ID :
103799
Mon, 02/01/2010 - 08:34
Auther :

Panel postpones filing report on secret Japan-U.S. pacts to March

TOKYO, Jan. 31 Kyodo -
A Japanese government panel decided Sunday to postpone filing a report on its
investigations into four Japan-U.S. secret pacts on nuclear arms and other
issues until the end of March as it needs more time to review materials that
have been gathered by its members.
At its sixth meeting over the task, the panel also decided to ask Yoshihisa
Hara, a graduate school professor at Tokyo International University, to present
an audiotape on which he recorded an interview with former Vice Foreign
Minister Hisanari Yamada.
Yamada is believed to have said during the interview in October 1981 that Tokyo
gave tacit approval for stopovers in Japan or passing through Japanese
territorial waters by U.S. military vessels carrying nuclear weapons, when the
two countries revised the bilateral security treaty in 1960. Yamada, now
deceased, was involved in recording the minutes of discussions on the secret
agreement.
Foreign Minister Katsuya Okada had sought a report from the panel by the end of
February.
The panel has been investigating four secret pacts involving the 1960 revision
of the bilateral security treaty and the 1972 reversion of Okinawa to Japan
from U.S. control whose existence had long been denied by Japanese governments.
The panel is set to confirm the legitimacy of three of the four pacts -- those
involving Japan's agreement on stopovers and passage of nuclear armed U.S.
warships, use of U.S. military bases in the event of a contingency on the
Korean Peninsula, and allowing the United States to bring nuclear weapons into
Okinawa in times of emergency.
It will continue searching for documents that would prove the remaining pact
allegedly involves Japan's sharing the cost of the reversion of Okinawa.
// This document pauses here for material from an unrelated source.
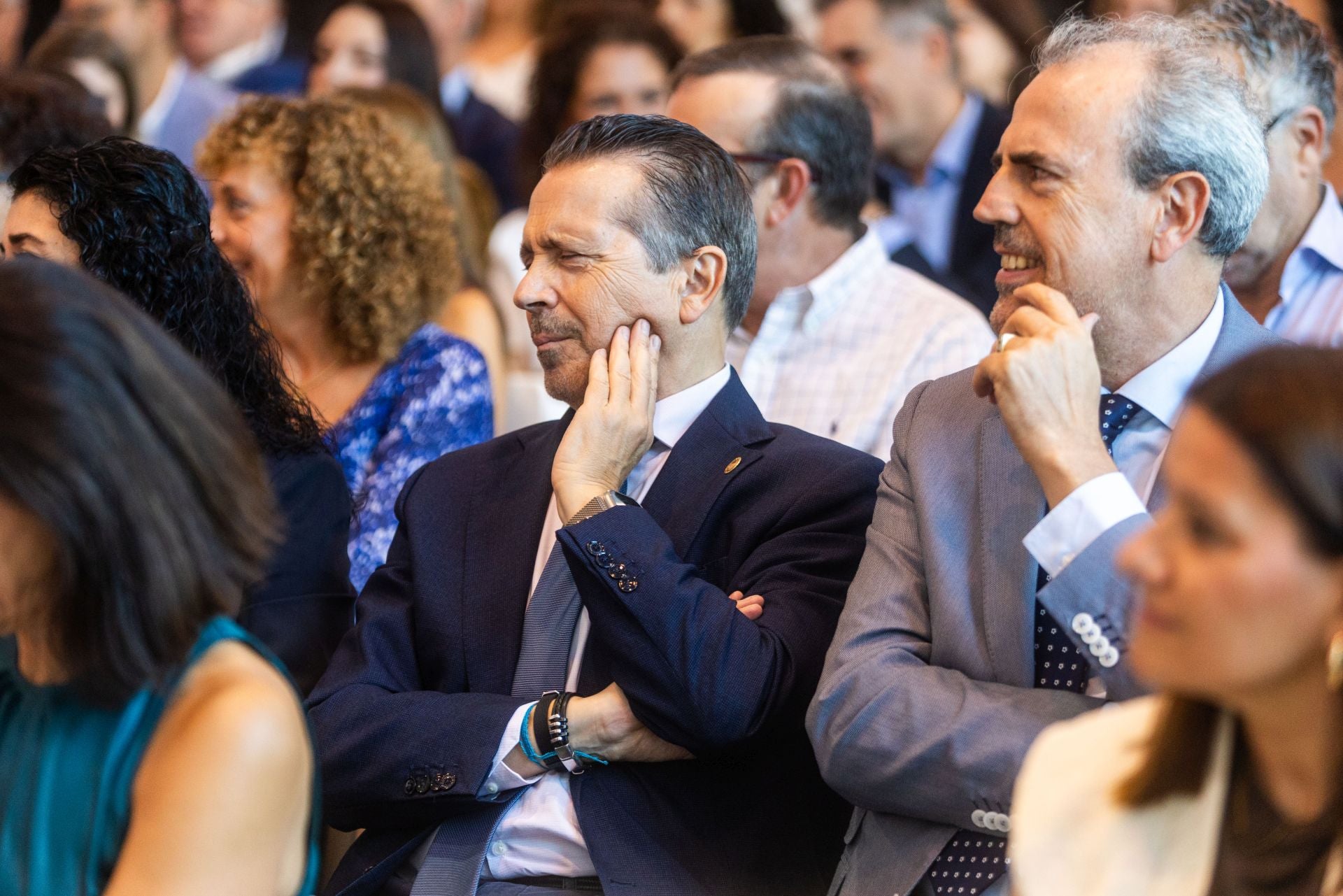 FOTOS | Premios de la Federación Metalúrgica de la Comunitat Valenciana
The panel is also to define the character of a document that has recently been
found to have been kept by the family of the late former Japanese Prime
Minister Eisaku Sato.
The document dated November 1969 carries the signatures of then Prime Minister
Sato and then U.S. President Richard Nixon, with minutes of a secret
conversation between the two leaders for allowing the United States to
introduce nuclear weapons into Okinawa in the event of a contingency.